* _WORK TASK_: Your answer must be a single number: the count of lines in the records below that include the string "with".

[DATA SUPPLIED — start]

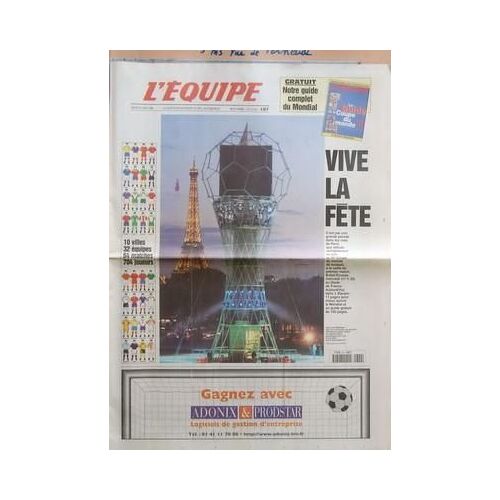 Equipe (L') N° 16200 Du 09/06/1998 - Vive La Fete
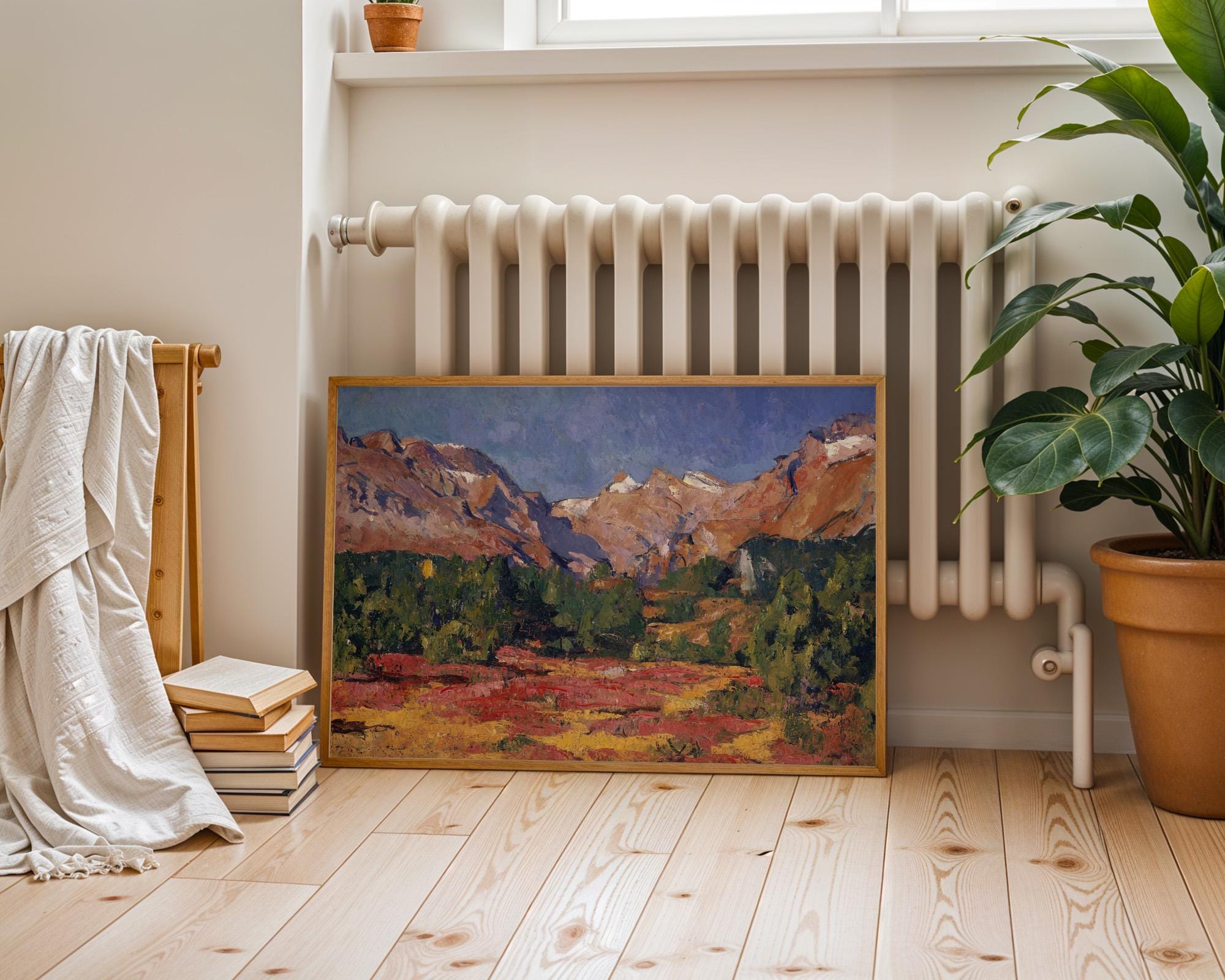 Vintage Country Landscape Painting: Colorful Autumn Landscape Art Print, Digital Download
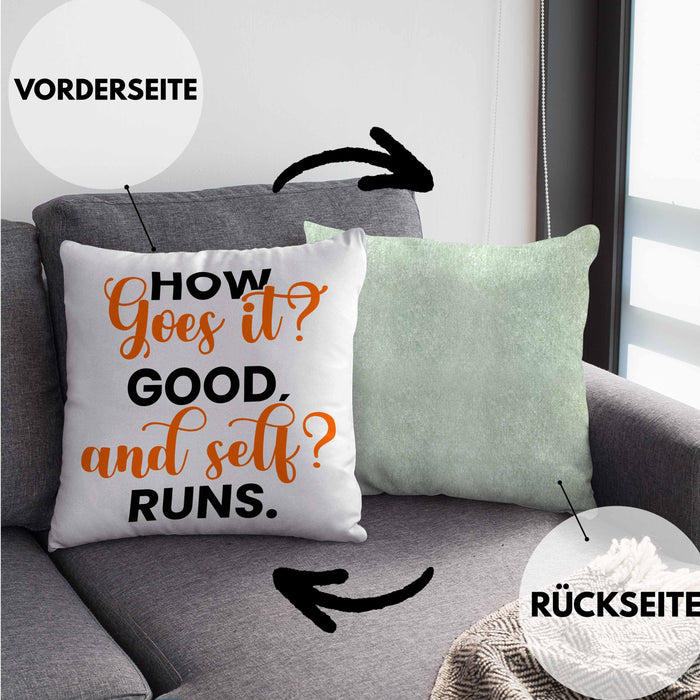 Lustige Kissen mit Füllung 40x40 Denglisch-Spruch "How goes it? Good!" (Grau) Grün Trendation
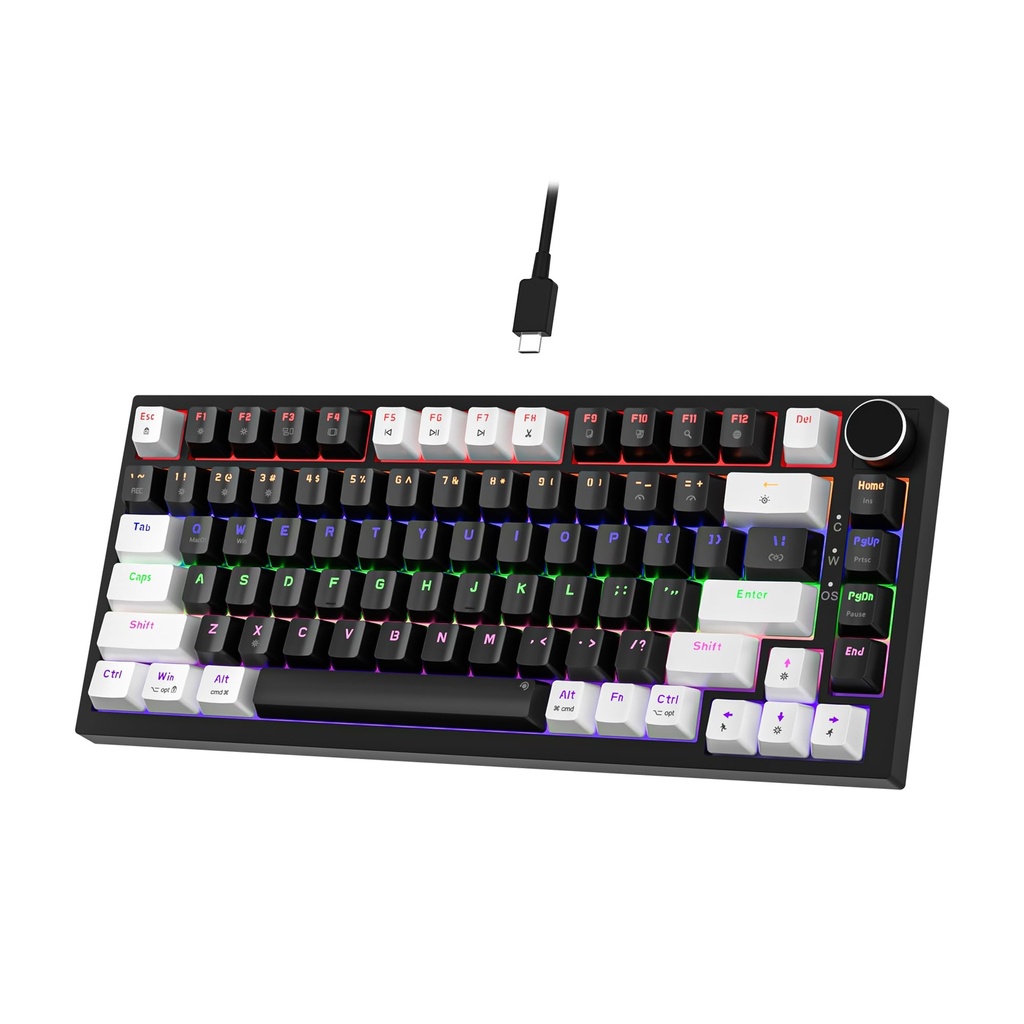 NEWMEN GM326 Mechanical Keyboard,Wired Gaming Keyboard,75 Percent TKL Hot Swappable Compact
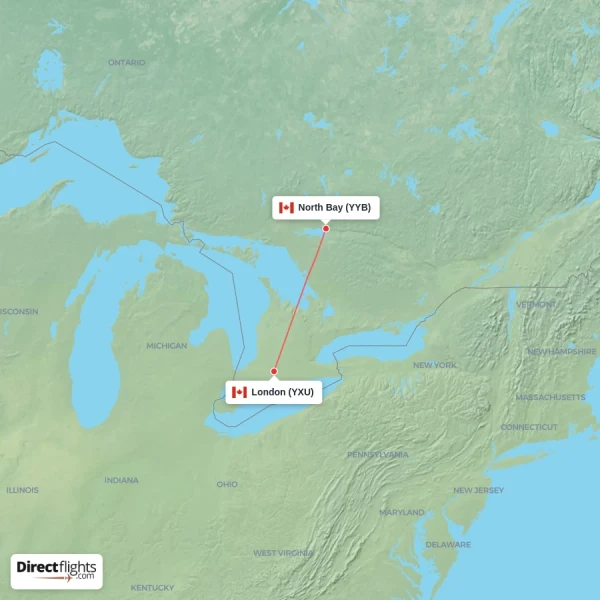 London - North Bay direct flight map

[DATA SUPPLIED — finish]
[DATA SUPPLIED — start]

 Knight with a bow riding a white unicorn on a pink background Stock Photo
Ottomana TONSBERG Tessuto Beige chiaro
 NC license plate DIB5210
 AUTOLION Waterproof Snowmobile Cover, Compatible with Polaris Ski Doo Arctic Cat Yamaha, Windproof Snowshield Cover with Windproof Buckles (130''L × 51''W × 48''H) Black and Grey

[DATA SUPPLIED — finish]

* _FINAL ANSWER_: 2